Die N1 Ingenieurgesellschaft mbH, Industriestraße 1, 08280 Aue, beantragte bei der Landesdirektion Sachsen mit Schreiben vom 13. August 2019 für die Stadt Thalheim, Hauptstraße 5, 09380 Thalheim, gemäß § 70 Absatz 1 Halbsatz 2 des Wasserhaushaltsgesetzes vom 31. Juli 2009 (BGBl. I S. 2585), das zuletzt durch Artikel 2 des Gesetzes vom 4. Dezember 2018 (BGBl. I S. 2254) geändert worden ist, in Verbindung mit § 1 des Gesetzes zur Regelung des Verwaltungsverfahrens- und des Verwaltungszustellungsrechts für den Freistaat Sachsen vom 19. Mai 2010 (SächsGVBl. S. 142), das durch Artikel 3 des Gesetzes vom 12. Juli 2013 (SächsGVBl. S. 503) geändert worden ist, und § 74 Absatz 6 des Verwaltungsverfahrensgesetzes in der Fassung der Bekanntmachung vom 23. Januar 2003 (BGBl. I S. 102), das zuletzt durch Artikel 5 Absatz 25 des Gesetzes vom 21. Juni 2019 (BGBl. I S. 846) geändert worden ist, die Prüfung, ob für das Vorhaben „Thalheim, Instandsetzung Bachverrohrung und Offenlegung Gewässer im Bereich Fickergrund Wasser - Hochwasserschadensbeseitigung (Ident-Nr.: 3927)“ eine Verpflichtung zur Durchführung einer Umweltverträglichkeitsprüfung besteht und hat damit gemäß § 5 Absatz 1 des Gesetzes über die Umweltverträglichkeitsprüfung das Verfahren zur Feststellung der UVP-Pflicht eröffnet.

1.    Die Stadt Thalheim plant, auf einer Länge von ca. 280 m umfangreiche hochwasserbedingte Schäden am bestehenden Gewässerverlauf des Fickergrund Wassers zu beseitigen. Die Maßnahme ist in vier Teilabschnitte untergliedert.
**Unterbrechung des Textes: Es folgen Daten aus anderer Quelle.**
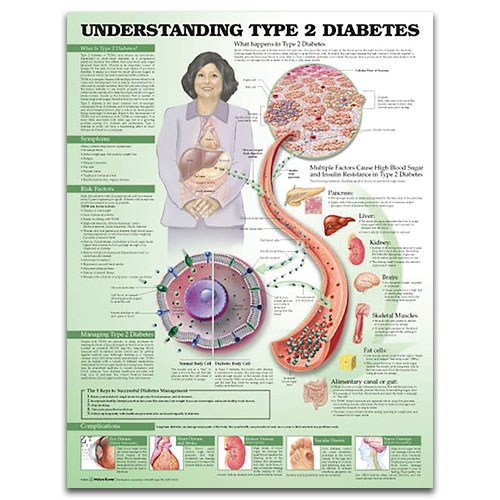 Understanding Type 2 Diabetes Understanding Type 2 Diabetes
Das Vorhaben unterteilt sich in die Hochwasserschadensbeseitigung am bestehenden Gewässerverlauf mit teilweisem Ersatzneubau der Bachverrohrung, einer Zementmörtelauskleidung im unbemannten Anschleuderverfahren bei bestehenden Verrohrungsabschnitten, einer teilweisen Gewässeroffenlegung sowie der Errichtung der Hochwasserentlastungsanlage im Bereich der Lessingstraße und der Bergstraße, bestehend aus Verteilerbauwerk und Hochwasserentlastungskanal.

Im 1. Teilabschnitt (Gesamtlänge = 82 m) - bachaufwärts betrachtet - ist eine Wieder-herstellung des Fickergrund Wassers als offenes Gerinne auf einer Länge von 13 m vorgesehen. Auf einer Länge von ca. 7 m sollen vorhandene Kanäle verdämmt oder abgemauert bzw. ein Kanal neu gebaut werden. Eine Zementmörtelauskleidung im unbemannten Anschleuderverfahren ist auf einer Länge von ca. 62 m bei einer bestehenden Verrohrung geplant.
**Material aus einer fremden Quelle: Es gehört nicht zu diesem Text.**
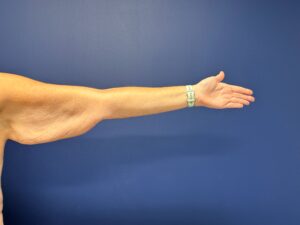 Brachioplasty-Case--3898 | Before Body 2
Das Fickergrund Wasser soll im 2. Teilabschnitt (Gesamtlänge = 59 m), der sich unmit-telbar an den 1. Bauabschnitt anschließt, auf einer Länge von ca. 8 m instand gesetzt bzw. die Ufer neu befestigt werden. Auf einer Länge von ca. 35 m sollen vorhandene Kanäle verdämmt oder abgemauert werden bzw. ein Kanal neu gebaut werden. Ferner soll ein Auslaufbauwerk mit anschließendem offenem Grabenbereich auf einer Länge von ca. 16 m neu gestaltet werden.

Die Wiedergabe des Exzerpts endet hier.